Additionally, the magnitude of noise within each projection was quantified. The MC 3D distribution was summed in one dimension, representing the perfect integration of the projection with zero information lost to noise. The difference between this projection and the FRED projection for the beam region at the depth of Dmax was determined, and then the RMSE of the difference was calculated. This value is defined as the RMSE (%) of the Projection Error, and we used it to compare the variability in the projections for each level of modelled noise with a single number.

3. Results

3.1. Beam Data Simulation

An example of the Monte Carlo-simulated proton beams generated in TOPAS is shown in Figure 4. In Figure 4a, the proton beam vertically enters the water cell from the top, depositing the dose along its beam path. The dose is normalized at a depth of 41 mm at the Bragg Peak, with the entrance dose of approximately 23%. The resulting CAX PDD generated from the 3D distribution is shown in (b), and the Dmax profile is shown in (c). To ensure low statistical uncertainty, 1 billion primary photons were generated for these simulations, with a standard error of less than 0.3% for all produced beam models.

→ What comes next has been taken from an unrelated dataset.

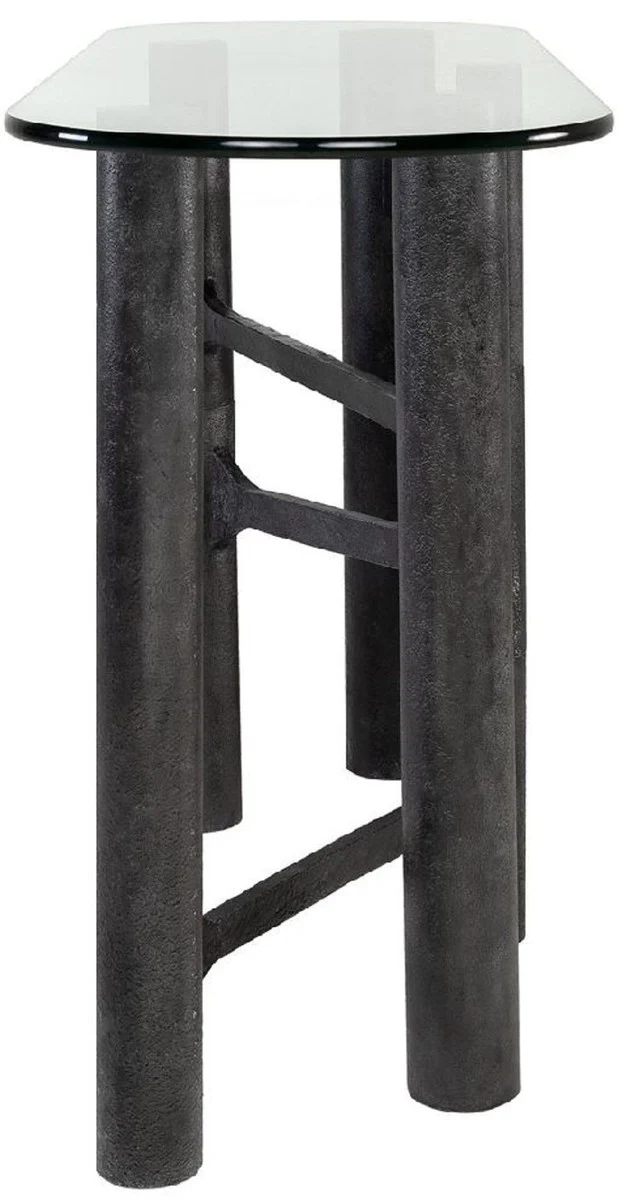 Casa Padrino Luxus Konsole Antik Schwarz 140 x 45 x H. 81 cm - Aluminium Konsolentisch mit Glasplatte - Luxus Möbel - Wohnzimmer Möbel - Luxus Einrichtung - Wohnzimmer Einrichtung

3.2. No-Noise Simulation Reconstruction

The initial accuracy of the tomographic reconstruction was tested using reconstructed interferograms generated by the virtual OC dosimeter using the no-noise simulation. The reconstruction of the no-noise FRED data indicated the degradation of reconstruction accuracy due to loss of information in the DHI process, such as phase unwrapping or refractive-index-to-temperature conversion. The interferogram generated in FRED for the no-noise simulation is shown in Figure 5a for illustration. The reconstructed projection (Figure 5c) was generated from the reconstructed phase image (Figure 5b) by cropping out one of the twin images, rotating it 90 degrees, and normalizing it to 100% at the maximum signal.
Table 1 displays the tomographic reconstruction accuracy achievable with both sources of noise removed from the virtual interferometer model. The inverse Abel transform reconstruction generated a profile RMSE of less than 1.2%, a PDD RMSE of less than 0.2%, and a mean dose difference of less than 0.1% for all analyzed regions. A Projection Error RMSE (%) of 0.03 indicated that the projection measured with the OC dosimeter accurately replicated the equivalent projection data generated from the MC-simulated proton beam dose distribution.
The reconstructed Dmax profile and PDD are shown in Figure 6, with the reconstructed dose well-matching the original at the beam edge and main portion of the radiation beam. A reconstruction artefact is present in the center of the profile, a result of the decreasing accuracy of the inverse Abel transform at points close to the axis of radial symmetry [29]. Due to the combination of this artefact and the location of the CAX PDD, this artefact was found to be present at all depths, so the PDD measurement at each depth were calculated over the central 21 pixels comprising the CAX region. This was considered a reasonable assumption due to the inherently flat and symmetric nature of clinical radiation beams [26].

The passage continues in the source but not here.